Herencia serves really delicious traditional Ilocano meals, but their claim to fame is their unique pizza flavors, which include pinakbet, bagnet, dinuguan, gamet (seaweed), carbonara, and tuna among others.
Finally, the pinakbet pizza arrived. One whole pizza was good for around 3 to 5 people. The crust was thin and crispy, but the crunch that came when I took my first bite was quickly followed by the soft sweetness of cheese, on which basic pinakbet ingredients were embedded. Their sharp, distinct tastes stood out but did not overpower the cheese. In fact, I thought it complemented the bitterness of the ampalaya quite well. The combination of vegetables reminded us of the homemade pinakbet we grew up with, while the cheese did not make us forget that it was also pizza. It was no different from any good Italian-style thin-crust vegetable pizza, except that it was topped with ingredients specifically used for pinakbet, providing it with a distinctly local flair.
At Herencia, you can also order a sampler, which serves two flavors of your choice in one pizza. We chose dinuguan and gamet, a local treat similar to the Japanese nori. Again, the cheese was soft and delicious, blending with the distinct taste of the toppings without overpowering them. The dinuguan half of the pizza was covered with patches of fine dinuguan, crispy pork strips, and green pepper. The seaweed half was covered almost entirely by the somewhat grainy gamet. I was expecting something more like seaweed strips topping the cheese, and that that part of the pizza would be all soggy and mushy in the mouth. In fact, the gamet was rather chewy, but not in an unpleasant way at all. The tang of the vegetables provided a slight but delightful imbalance, and surprisingly, the combination of slightly salty cheese and fairly salty seaweed did not bombard my tongue with too much umami. It was my favorite half of the pizza.

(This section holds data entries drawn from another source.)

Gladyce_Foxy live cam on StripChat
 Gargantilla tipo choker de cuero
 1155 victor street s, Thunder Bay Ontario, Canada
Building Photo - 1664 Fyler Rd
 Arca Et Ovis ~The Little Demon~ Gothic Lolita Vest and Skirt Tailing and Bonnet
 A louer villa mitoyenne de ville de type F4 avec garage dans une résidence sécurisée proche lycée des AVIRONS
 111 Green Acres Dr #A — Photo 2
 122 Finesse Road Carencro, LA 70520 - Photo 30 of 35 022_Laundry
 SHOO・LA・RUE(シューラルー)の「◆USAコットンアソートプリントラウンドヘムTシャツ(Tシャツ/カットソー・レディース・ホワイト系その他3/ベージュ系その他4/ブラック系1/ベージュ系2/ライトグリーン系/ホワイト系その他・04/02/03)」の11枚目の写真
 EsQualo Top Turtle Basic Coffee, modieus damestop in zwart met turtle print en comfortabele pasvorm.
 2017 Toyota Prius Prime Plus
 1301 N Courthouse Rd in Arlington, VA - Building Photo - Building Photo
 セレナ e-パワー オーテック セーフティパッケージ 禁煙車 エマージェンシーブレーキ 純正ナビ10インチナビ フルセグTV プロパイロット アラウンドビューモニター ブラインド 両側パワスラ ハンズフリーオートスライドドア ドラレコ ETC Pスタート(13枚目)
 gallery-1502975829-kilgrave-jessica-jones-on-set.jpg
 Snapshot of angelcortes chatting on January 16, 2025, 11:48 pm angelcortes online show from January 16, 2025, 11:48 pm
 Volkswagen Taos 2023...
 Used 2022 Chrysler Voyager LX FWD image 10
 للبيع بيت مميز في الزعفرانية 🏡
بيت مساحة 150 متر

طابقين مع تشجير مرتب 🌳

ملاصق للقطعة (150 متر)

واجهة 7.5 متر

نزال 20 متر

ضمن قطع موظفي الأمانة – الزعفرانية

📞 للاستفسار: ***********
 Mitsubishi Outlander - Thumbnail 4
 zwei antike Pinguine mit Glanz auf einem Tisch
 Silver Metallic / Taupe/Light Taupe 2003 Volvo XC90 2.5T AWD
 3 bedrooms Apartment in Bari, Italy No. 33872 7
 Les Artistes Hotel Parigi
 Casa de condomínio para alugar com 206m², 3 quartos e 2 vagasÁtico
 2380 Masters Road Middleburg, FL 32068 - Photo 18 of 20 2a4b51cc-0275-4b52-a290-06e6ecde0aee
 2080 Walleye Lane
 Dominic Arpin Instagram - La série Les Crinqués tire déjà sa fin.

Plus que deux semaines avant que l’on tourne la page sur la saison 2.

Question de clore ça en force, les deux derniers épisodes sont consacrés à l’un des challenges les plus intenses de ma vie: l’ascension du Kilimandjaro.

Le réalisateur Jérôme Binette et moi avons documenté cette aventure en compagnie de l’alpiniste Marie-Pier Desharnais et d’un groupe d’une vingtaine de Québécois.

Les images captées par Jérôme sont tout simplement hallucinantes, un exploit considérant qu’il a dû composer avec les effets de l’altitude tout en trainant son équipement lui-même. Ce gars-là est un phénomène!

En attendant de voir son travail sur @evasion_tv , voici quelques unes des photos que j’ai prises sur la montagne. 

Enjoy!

Aside from dinuguan and carbonara-flavored pizzas, Herencia also offers rice meals and desserts. Although some of their specialties are a bit expensive, they’re worth a try, especially when touring the North of Luzon. As mentioned earlier, the restaurant is located near a church, but there is also a small park beside it, which is a good place for picture-taking, as well as several souvenir shops. However, due to its popularity, Herencia gets crowded during peakk season (summer and Christmas break), especially around noon and early in the evening, which sometimes affects the pace of their service. All in all, due to their unique menu and the quality of their meals, Herencia Restaurant is still highly recommended.